3.5. Future Directions
Future research should aim to identify the optimal injectate solution for SGBs. This case series used a 6 mL solution of dexamethasone, lidocaine 2% with epinephrine, and bupivacaine 0.25%, which provided varying durations of pain relief among patients. However, limited data exist on the ideal composition, volume, and concentration of injectates to maximize the duration of relief. Challenges in maintaining consistent patient follow-up in this study further limited the accuracy of pain relief duration data. Additional research is needed to clarify how different injectate formulations influence outcomes. Another key area for investigation is determining which patients are most likely to benefit from SGBs; cLBP has diverse causes, often requiring targeted treatments based on specific anatomical or pathological factors. The effectiveness of SGB compared to or in combination with traditional interventions should be explored, particularly in cases involving CS. While this case series focused on patients with both cLBP, myofascial pain, and PTSD, future studies should evaluate whether SGB is more effective with refined patient selection and optimized treatment protocols. Mulvaney et al. have provided some guidance regarding this topic [
22].
Further, the concurrent symptom relief observed her may reflect baseline resilience factors (patients potentially had lower premorbid neuroticism scores than non-responders in other studies), though this was not quantified in the present investigation.

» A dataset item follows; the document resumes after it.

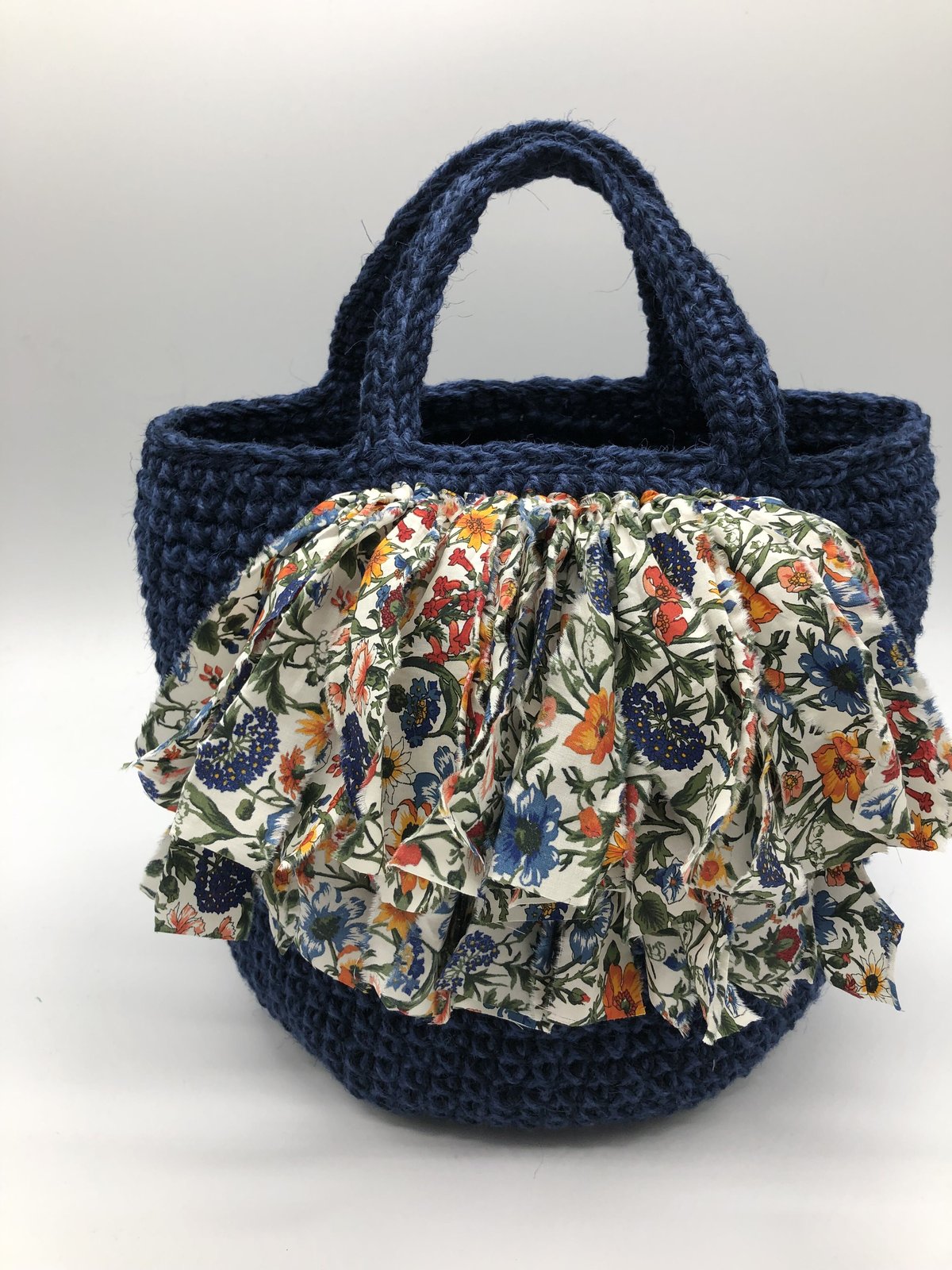 新品tnkstk/コットン糸トートバッグ フリンジ コットン糸トートバッグ フリンジ ネイビー | tnkstk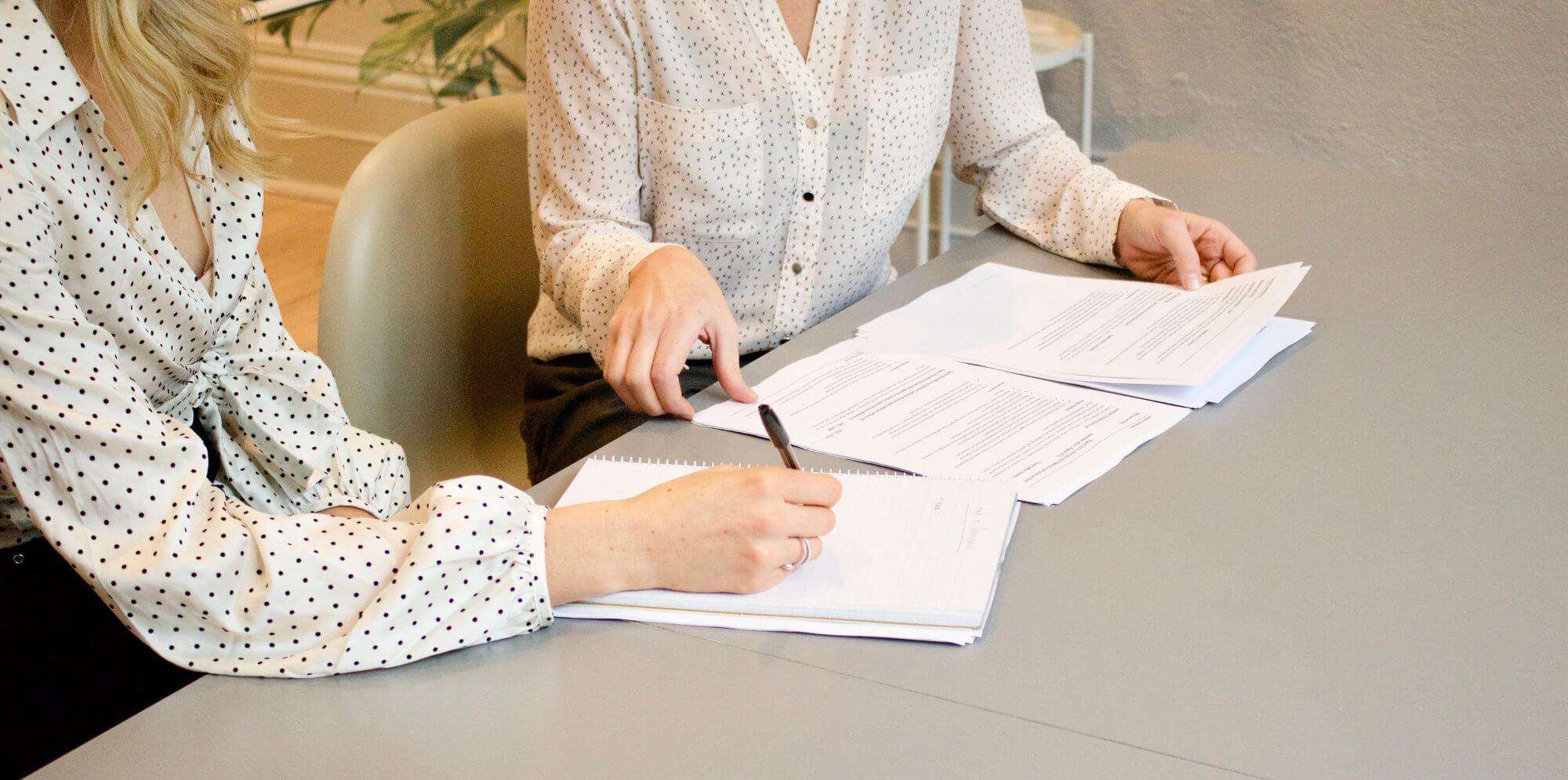 Personnes écrivant sur un cahier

In the future, we would recommend administering personality assessments pre/post-SGB to quantify trait modulation, comparing SGB outcomes in patients with/without borderline personality disorder traits, given their association with somatic symptom persistence, and investigating whether personality vulnerabilities moderate the duration of SGB’s effects. These observations align with the triple vulnerability model, suggesting that while SGB addresses biological and generalized psychological vulnerabilities through autonomic modulation, residual disorder-specific cognitive patterns may require targeted cognitive-behavioral approaches for sustained remission.
3.6. Conclusions
This case series is the first to demonstrate the successful treatment of both PTSD and cLBP/myofascial pain in individual patients using a single intervention. The results reinforce the connection between the pathophysiology of PTSD and chronic pain conditions and suggest the use of SGB as a unified treatment approach for these cooccurring conditions. While further research needs to be performed, these results suggest that SGB could be a singular treatment option for patients suffering from both PTSD and chronic pain, potentially simplifying treatment regimens for complex cases involving CS syndromes.